- Source data -
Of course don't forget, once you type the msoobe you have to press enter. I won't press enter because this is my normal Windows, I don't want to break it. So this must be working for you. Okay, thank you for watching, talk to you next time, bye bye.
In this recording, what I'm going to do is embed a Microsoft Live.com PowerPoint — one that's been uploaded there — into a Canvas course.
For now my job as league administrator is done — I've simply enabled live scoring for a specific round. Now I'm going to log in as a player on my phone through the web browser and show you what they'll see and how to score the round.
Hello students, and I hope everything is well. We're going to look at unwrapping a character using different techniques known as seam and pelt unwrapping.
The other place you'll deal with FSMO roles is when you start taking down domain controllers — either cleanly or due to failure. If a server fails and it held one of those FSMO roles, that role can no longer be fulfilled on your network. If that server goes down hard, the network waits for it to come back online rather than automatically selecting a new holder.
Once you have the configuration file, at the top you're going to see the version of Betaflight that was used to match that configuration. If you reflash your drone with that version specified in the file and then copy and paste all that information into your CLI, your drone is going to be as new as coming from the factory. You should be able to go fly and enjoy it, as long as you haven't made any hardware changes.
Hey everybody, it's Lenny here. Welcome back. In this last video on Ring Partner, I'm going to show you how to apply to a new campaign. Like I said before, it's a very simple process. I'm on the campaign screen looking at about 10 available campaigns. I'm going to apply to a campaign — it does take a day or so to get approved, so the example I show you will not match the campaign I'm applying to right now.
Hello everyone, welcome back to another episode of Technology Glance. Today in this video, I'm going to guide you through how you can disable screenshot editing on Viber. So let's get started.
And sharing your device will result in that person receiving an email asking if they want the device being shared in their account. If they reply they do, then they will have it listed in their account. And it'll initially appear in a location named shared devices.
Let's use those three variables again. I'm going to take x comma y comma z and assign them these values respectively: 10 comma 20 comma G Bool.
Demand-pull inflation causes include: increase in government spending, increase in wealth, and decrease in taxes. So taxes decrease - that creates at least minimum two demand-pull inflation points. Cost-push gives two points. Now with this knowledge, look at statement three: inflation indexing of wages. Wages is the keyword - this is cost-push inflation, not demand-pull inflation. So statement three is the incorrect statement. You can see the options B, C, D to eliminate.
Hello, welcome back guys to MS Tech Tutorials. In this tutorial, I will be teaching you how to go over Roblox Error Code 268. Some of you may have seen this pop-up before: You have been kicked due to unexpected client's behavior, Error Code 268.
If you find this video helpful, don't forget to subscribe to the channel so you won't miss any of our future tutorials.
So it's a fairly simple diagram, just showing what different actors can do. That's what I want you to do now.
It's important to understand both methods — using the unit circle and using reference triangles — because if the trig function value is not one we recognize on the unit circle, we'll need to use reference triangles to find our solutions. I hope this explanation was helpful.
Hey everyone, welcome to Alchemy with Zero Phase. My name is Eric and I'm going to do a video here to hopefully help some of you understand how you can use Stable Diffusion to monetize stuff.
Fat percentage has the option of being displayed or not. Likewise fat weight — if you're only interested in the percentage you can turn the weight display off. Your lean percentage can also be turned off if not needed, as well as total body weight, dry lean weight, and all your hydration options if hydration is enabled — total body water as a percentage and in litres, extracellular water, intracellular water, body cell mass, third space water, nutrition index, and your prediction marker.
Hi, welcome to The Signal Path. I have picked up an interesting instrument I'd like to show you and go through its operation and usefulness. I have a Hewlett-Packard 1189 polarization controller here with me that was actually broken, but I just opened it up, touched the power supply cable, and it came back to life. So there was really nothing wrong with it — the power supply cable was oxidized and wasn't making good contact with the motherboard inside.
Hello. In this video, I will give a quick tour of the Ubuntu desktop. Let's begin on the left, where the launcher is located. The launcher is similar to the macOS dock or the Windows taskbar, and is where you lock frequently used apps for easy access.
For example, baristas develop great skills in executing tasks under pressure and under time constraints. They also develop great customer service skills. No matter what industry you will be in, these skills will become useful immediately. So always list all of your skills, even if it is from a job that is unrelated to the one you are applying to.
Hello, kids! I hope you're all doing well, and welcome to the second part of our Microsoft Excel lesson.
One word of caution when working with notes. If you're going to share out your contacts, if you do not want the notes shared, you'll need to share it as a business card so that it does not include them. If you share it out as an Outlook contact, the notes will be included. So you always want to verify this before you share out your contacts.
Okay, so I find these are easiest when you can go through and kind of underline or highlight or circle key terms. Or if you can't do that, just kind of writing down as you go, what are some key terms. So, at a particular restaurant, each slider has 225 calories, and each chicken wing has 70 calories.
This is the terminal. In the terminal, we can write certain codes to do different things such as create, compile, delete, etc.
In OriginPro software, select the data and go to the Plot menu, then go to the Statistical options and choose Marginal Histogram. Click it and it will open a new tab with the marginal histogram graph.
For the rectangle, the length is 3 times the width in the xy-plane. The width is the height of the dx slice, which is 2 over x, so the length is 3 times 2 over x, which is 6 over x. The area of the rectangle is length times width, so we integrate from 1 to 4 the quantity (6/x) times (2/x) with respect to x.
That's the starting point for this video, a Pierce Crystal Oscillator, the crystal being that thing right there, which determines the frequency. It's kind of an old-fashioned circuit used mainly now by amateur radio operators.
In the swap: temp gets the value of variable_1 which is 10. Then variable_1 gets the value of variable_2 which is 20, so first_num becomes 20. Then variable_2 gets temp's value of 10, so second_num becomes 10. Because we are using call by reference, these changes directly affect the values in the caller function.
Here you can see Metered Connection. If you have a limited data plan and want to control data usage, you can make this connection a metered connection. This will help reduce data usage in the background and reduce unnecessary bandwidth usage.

- What this task involves -
Filter the entries by the string "using" and copy each matching line.

- Answer for this exercise -
Hello students, and I hope everything is well. We're going to look at unwrapping a character using different techniques known as seam and pelt unwrapping.
It's important to understand both methods — using the unit circle and using reference triangles — because if the trig function value is not one we recognize on the unit circle, we'll need to use reference triangles to find our solutions. I hope this explanation was helpful.
In the swap: temp gets the value of variable_1 which is 10. Then variable_1 gets the value of variable_2 which is 20, so first_num becomes 20. Then variable_2 gets temp's value of 10, so second_num becomes 10. Because we are using call by reference, these changes directly affect the values in the caller function.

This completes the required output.